Kuzushi: illusions crumble, certainties rise

In Martial Arts, we soon become familiar with the principle of kuzushi (崩 し). It is a term that we may translate  with “imbalance“. Yet the verb from which it derives, kuzureru, has a deeper semantics: collapse, crumble, demolish …

An interesting etymological work by Noriko Williams helps us to understand the birth of the radicals of the kanji 崩, which we reported in the image of this post. Looking at it, we can see quite clearly that the kanji contains the ideogram yama (山, a mountain) and tome (朋 which according to Williams does not mean “friend”, but is the “wrong” graphic transposition of the drawing of separating necklaces. This perhaps it was clearer looking at the archaic ideograms).

Beyond etymological discussions, the fact remains that kuzushi is much more than an imbalance. It deals with the collapse of a mountain, with the destruction of what we believe to be more solid.

In these days and in the forthcoming months we (will) experience strong imbalances and partial collapses of what we believed to be our certainties while, probably, it was a matter of comfortable habits deemed due. Being able to go how, where and with whom we liked. Being able to open our eyes and assume that we have beloved ones around us. Being able to work and dispose of the superfluous of the superfluous.

On the tatami there is no possibility of preserving one’s position forever. Movement is itself a dynamic imbalance. Attacking is a total jump outside our comfort zone. Receiving it in order to rise up again means detaching ourselves from everything we believed and rediscovering the boundaries of who we are.

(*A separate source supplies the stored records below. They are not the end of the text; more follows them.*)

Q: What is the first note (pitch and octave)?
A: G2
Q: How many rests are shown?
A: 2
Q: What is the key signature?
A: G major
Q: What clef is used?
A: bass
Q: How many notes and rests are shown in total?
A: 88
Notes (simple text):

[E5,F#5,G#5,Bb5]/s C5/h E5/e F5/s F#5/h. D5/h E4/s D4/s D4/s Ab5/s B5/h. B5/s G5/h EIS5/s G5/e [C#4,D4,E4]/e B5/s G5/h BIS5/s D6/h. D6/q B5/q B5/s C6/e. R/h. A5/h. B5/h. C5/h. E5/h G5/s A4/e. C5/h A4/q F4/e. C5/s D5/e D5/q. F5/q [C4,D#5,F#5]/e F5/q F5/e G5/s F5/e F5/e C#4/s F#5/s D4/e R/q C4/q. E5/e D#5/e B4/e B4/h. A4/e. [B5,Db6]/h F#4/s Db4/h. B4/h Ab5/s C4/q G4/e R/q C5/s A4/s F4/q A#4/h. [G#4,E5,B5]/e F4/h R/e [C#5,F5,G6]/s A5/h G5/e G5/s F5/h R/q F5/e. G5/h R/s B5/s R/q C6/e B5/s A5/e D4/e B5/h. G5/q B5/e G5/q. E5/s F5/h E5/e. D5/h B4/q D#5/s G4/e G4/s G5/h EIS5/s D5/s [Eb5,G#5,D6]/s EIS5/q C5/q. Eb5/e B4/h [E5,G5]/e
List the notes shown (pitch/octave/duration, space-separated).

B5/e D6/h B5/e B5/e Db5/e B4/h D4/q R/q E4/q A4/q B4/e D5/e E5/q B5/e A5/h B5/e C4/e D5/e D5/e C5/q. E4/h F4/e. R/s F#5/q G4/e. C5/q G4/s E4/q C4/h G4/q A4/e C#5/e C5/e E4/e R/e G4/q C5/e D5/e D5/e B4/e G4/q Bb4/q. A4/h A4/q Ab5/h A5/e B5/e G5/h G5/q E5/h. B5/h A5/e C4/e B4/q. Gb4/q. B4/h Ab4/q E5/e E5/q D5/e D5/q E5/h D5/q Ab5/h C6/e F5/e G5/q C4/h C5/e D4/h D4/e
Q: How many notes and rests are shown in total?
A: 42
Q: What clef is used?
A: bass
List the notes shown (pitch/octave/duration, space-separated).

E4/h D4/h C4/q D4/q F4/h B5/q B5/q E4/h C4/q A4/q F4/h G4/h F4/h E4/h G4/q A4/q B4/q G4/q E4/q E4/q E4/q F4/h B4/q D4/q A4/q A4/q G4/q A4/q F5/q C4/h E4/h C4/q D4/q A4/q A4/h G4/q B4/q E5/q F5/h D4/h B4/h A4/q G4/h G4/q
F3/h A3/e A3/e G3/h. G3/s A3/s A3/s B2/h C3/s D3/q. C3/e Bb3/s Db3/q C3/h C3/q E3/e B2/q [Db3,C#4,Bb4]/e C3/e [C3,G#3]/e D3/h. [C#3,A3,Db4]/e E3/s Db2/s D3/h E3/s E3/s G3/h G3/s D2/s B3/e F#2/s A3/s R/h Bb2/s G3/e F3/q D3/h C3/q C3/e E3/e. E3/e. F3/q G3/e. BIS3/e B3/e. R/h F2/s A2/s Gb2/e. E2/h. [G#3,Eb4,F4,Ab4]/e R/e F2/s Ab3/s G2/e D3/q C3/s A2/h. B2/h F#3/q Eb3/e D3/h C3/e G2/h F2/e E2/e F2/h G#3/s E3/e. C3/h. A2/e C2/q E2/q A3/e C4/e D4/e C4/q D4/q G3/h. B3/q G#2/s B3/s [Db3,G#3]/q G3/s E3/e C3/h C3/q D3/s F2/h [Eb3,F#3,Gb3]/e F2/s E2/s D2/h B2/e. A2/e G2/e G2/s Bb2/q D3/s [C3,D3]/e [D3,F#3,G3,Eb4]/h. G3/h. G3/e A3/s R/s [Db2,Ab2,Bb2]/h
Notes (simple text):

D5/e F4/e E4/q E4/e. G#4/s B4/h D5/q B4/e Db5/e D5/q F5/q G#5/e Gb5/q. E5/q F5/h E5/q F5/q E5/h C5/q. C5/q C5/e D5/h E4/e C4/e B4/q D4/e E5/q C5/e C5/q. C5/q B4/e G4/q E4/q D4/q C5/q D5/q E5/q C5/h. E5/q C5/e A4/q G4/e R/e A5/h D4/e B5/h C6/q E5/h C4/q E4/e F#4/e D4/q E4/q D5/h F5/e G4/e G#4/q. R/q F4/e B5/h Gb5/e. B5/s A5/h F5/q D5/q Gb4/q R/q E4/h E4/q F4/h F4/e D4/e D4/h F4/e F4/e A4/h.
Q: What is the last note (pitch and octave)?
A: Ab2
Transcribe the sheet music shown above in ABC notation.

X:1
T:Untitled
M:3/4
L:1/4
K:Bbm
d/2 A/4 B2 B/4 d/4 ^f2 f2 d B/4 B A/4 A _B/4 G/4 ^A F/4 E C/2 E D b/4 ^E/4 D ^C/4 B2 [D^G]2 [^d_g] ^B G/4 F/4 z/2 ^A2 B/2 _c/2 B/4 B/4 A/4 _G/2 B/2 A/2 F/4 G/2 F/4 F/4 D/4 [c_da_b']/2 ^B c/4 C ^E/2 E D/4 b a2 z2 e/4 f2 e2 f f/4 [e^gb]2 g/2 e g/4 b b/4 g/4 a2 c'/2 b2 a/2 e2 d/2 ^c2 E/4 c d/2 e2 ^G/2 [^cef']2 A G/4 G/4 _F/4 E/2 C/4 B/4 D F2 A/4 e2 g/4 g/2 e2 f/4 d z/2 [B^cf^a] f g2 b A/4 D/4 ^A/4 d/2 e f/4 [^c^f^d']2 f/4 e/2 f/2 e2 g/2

We learn that, because this is what we are: explorers of imbalance. We fall and we rise, we fall and we rise.

Better: we destroy our illusions and build our certainties.

This is why we are convinced that this precarious situation can be the real medicine we all need.
Because it may well be that, in a certain way we discover that we are bearers of very few certainties. Maybe none.

We can discover, thinking back to our practice, that we actualy were skilled liars suffocating with form what every fall, every wrong technique, every kuzushi done and received had to say to the truest part of us.

So, welcome kuzushi! At the end of all these falls we will all be a little more smashed and tired but we will be more true.